:: DATA SUPPLIED ::
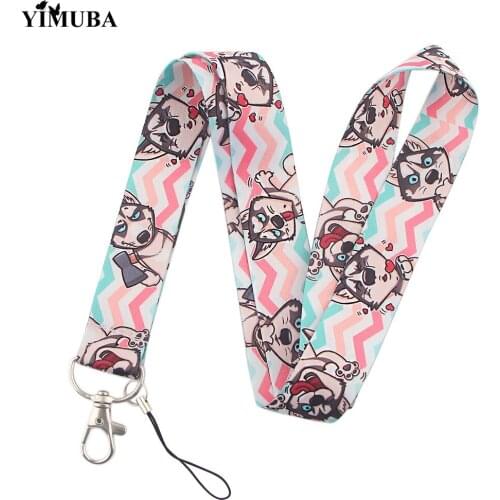 Funny Husky Dags Cartoon Printed Lanyards Keychain Cute ID Card Pass Gym Badge Holder Mobile Phone Rope Lariat Straps Keyholder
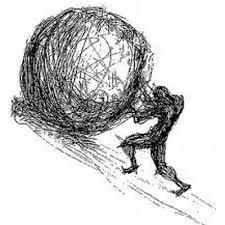 sisyphus rock up hill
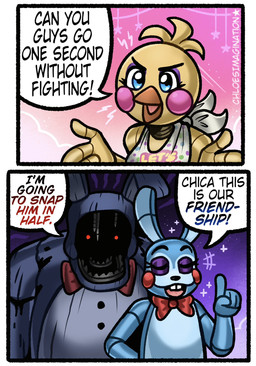 anthro bib blue_body dialogue female machine male oblivious purple_body solo text threatening_violence chloeimagine five_nights_at_freddy's five_nights_at_freddy's_2 scottgames toy_bonnie_(fnaf) toy_chica_(fnaf) withered_bonnie_(fnaf) animatronic avian bird chicken galliform lagomorph leporid mammal phasianid rabbit robot robot_anthro 2026 comic digital_media_(artwork) english_text hi_res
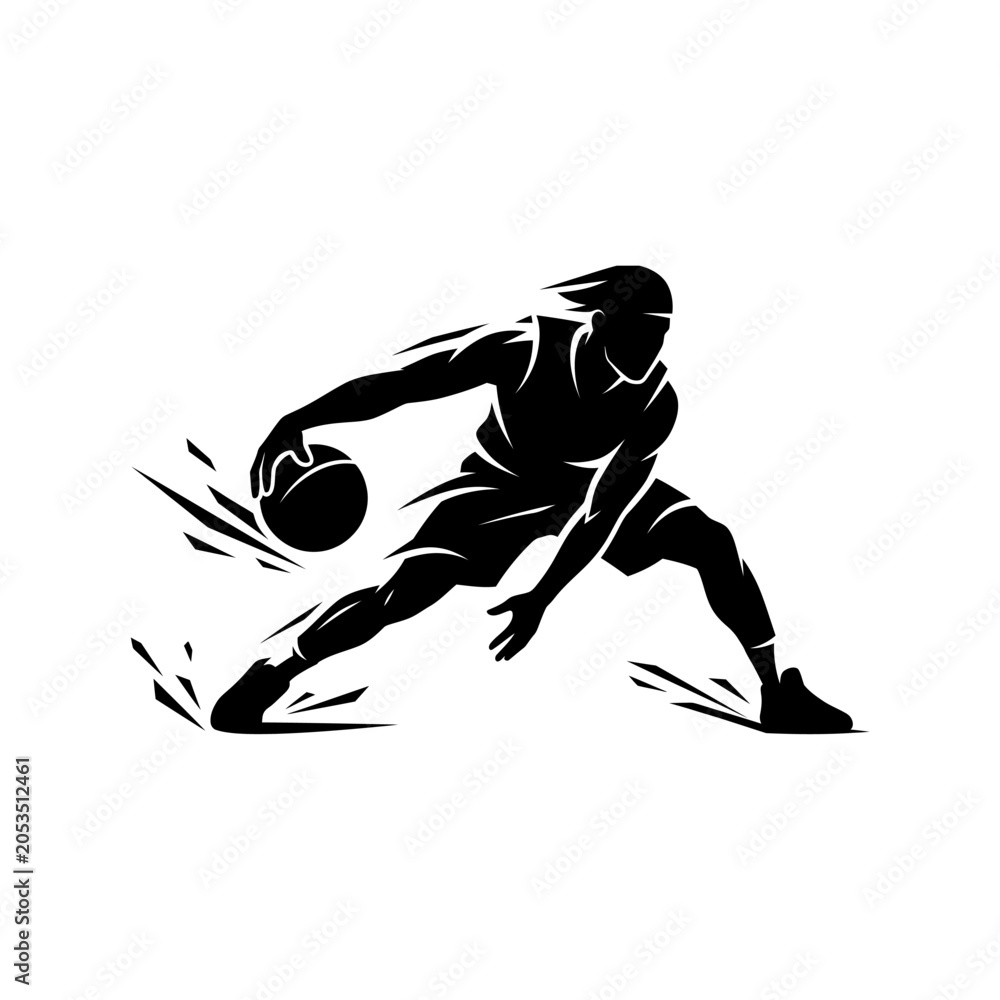 Fototapeta premium Basketball player silhouettes jumping and shooting ball, professional athletes action poses, dynamic basketball sport movement, competition illustration set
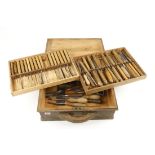 A kit of 45 carving tools mostly by HENRY TAYLOR in fitted pine box with two lift out trays G+
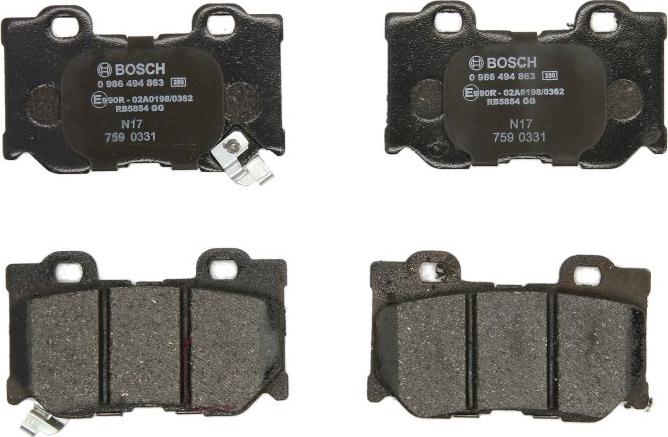 BOSCH 0 986 494 863 — Zestaw klocków hamulcowych, hamulce tarczowe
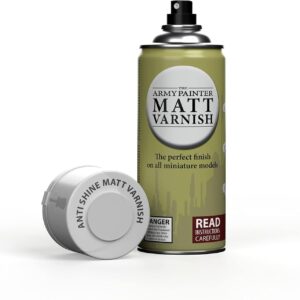 The Army Painter, Colour Primer Matt Varnish, 400 ml Grundierung Spray, Acryllack Spray für Fantasy Modellbau Wargames Tabletop Figuren, Warhammer & Dnd Miniatures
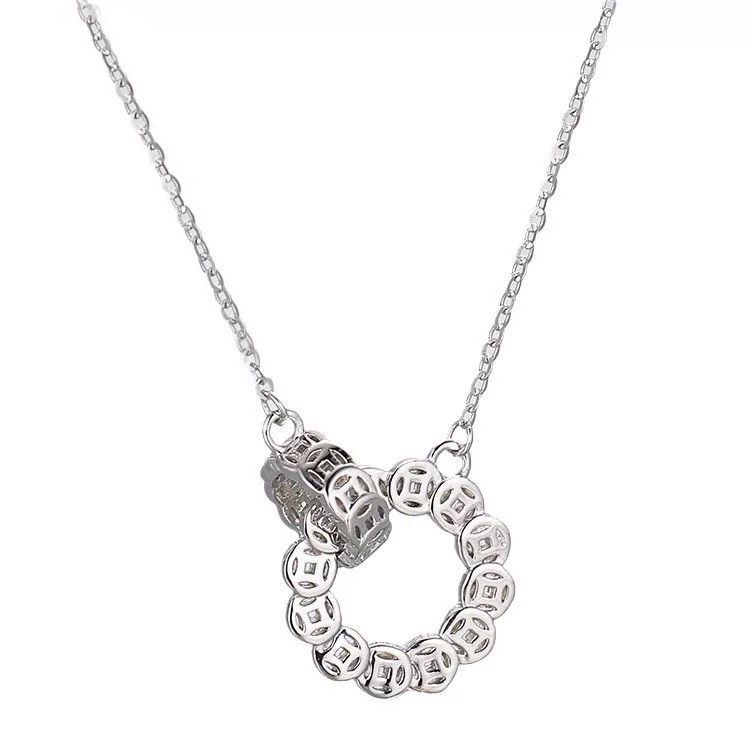 1pcs 999 Sterling Silver Rotatable Coin Circle Necklace, Elegant Trendy Style, Perfect For Date Night & Outings
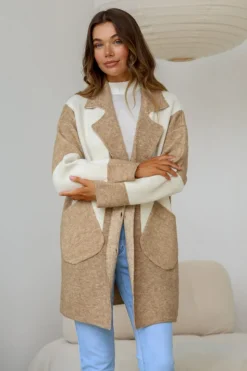 Fashion Express Dakota Colour Block Coatigan | Mocha/Winter White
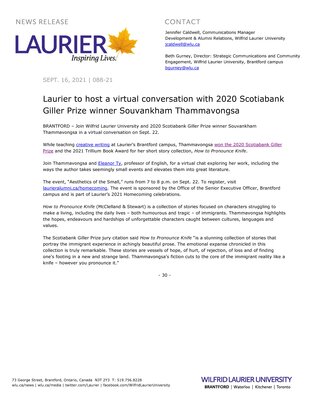 88-2021 : Laurier to host a virtual conversation with 2020 Scotiabank Giller Prize winner Souvankham Thammavongsa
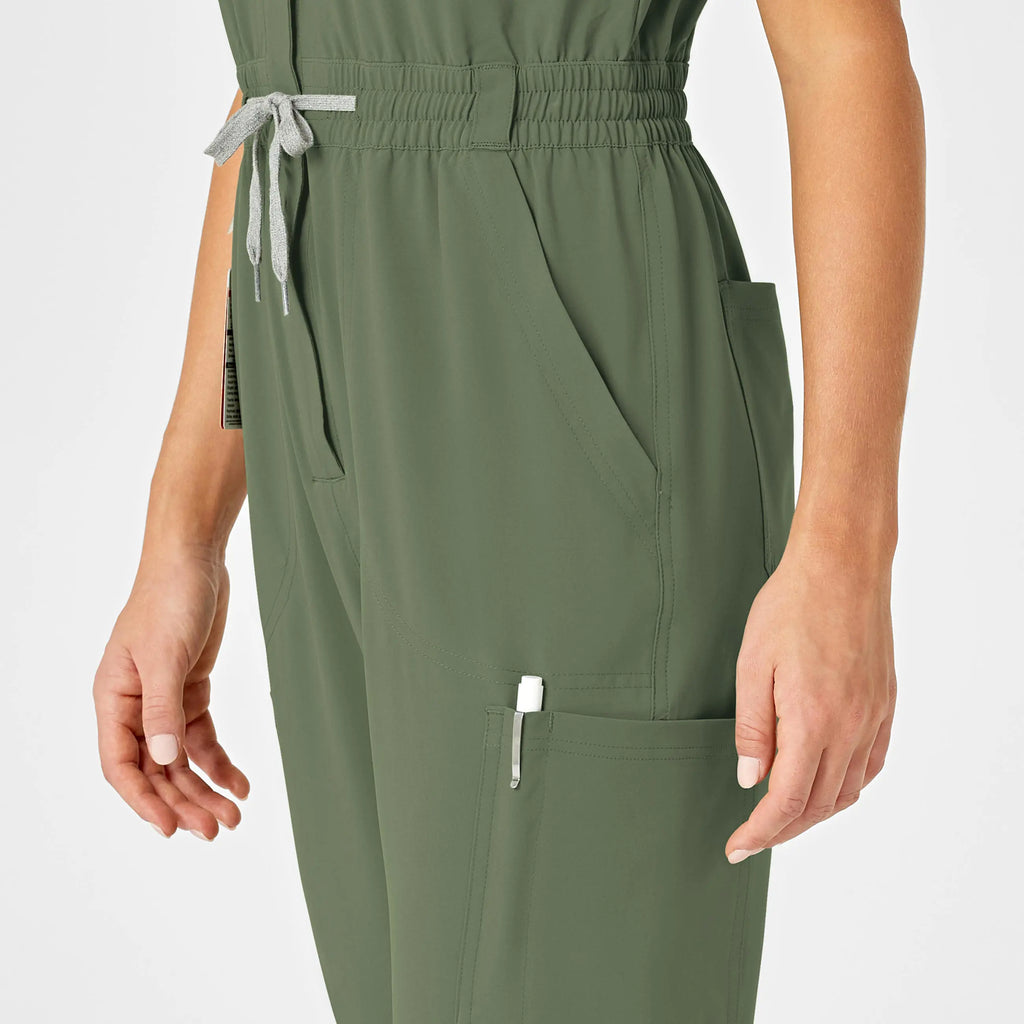 Wink Scrubs Women's Zip Front Jumpsuit Olive | scrub-supply.com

:: DIRECTIONS ::
An exact copy is needed of only the lines from the top of the material through the line with "BOSCH 0 986"; no pictures belong in it.

:: ANSWER FOR THIS EXERCISE ::
 Funny Husky Dags Cartoon Printed Lanyards Keychain Cute ID Card Pass Gym Badge Holder Mobile Phone Rope Lariat Straps Keyholder
 sisyphus rock up hill
 anthro bib blue_body dialogue female machine male oblivious purple_body solo text threatening_violence chloeimagine five_nights_at_freddy's five_nights_at_freddy's_2 scottgames toy_bonnie_(fnaf) toy_chica_(fnaf) withered_bonnie_(fnaf) animatronic avian bird chicken galliform lagomorph leporid mammal phasianid rabbit robot robot_anthro 2026 comic digital_media_(artwork) english_text hi_res
 Fototapeta premium Basketball player silhouettes jumping and shooting ball, professional athletes action poses, dynamic basketball sport movement, competition illustration set
 A kit of 45 carving tools mostly by HENRY TAYLOR in fitted pine box with two lift out trays G+
 BOSCH 0 986 494 863 — Zestaw klocków hamulcowych, hamulce tarczowe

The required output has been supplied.